Luwr od lat konsekwentnie odmawia, słysząc prośby o wypożyczenie Mony Lisy. Odwzajemnić jej uśmiech, spojrzeć w oczy czy przestudiować pejzaż rozpościerający się za jej plecami możemy tylko w Paryżu. Permanentna niezgoda na wypożyczenie dzieła nie zraża niektórych przed snuciem marzeń o podróży Giocondy do Florencji czy Krakowa. Ale nawet karta przetargowa „Leonardo za Leonarda”, wyciągnięta z rękawa ministra Glińskiego, nie złamała do tej pory dyrektora największego muzeum na świecie.

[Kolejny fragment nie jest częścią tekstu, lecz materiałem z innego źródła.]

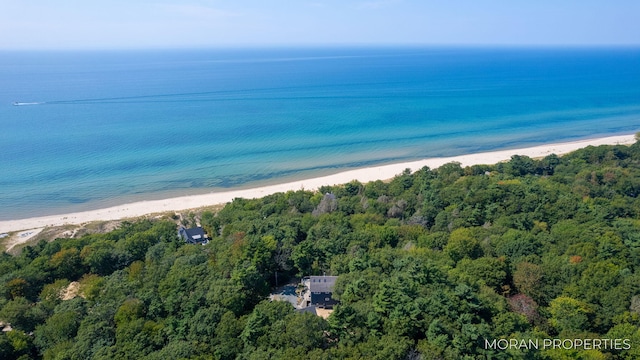 birds eye view of property with a water view and a beach view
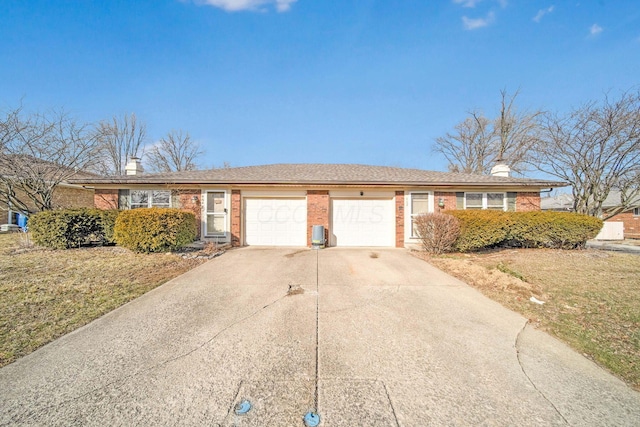 ranch-style home featuring a garage and a front lawn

W przeciwieństwie do Mony Lisy nasza Dama z gronostajem (zwyczajowo: Dama z łasiczką) to istna obieżyświatka. „Portret tej dziewczyny co najmniej trzydzieści razy zmieniał miejsce pobytu, przewożony w jukach konnego posłańca, karetą, ładowną bryką, pociągiem, samochodem, samolotem, promem – niekiedy niesiony pod pachą”, pisał Marek Rostworowski, wieloletni kustosz Muzeum Czartoryskich. Odkąd padły te słowa, tak dama, jak i „łasiczka” opuszczały swoją krakowską siedzibę jeszcze wiele razy.
Współpraca między muzeami, galeriami i innymi podmiotami działającymi w obszarze kultury pozwala na organizowanie przekrojowych wystaw oraz prezentowanie publiczności dzieł, które bez networkingu nie miałyby szansy zaistnieć w jednej przestrzeni. W najbliższym czasie w polskich instytucjach zobaczymy wiele ekspozycji będących wynikiem tego typu działań. Na wystawę „Polski mężczyzna” Muzeum w Narodowe w Kielcach wypożyczyło 123 prace z 13 nadwiślańskich placówek muzealnych. Partnerską relację ze stołeczną galerią Leto nawiązała Galeria Miejska we Wrocławiu, przygotowując wystawę „Danse macabre” Wojciecha Ireneusza Sobczyka.
Ekspozycja „Glasstress” w Państwowej Galerii Sztuki w Sopocie jest efektem szeroko zakrojonej współpracy międzynarodowej.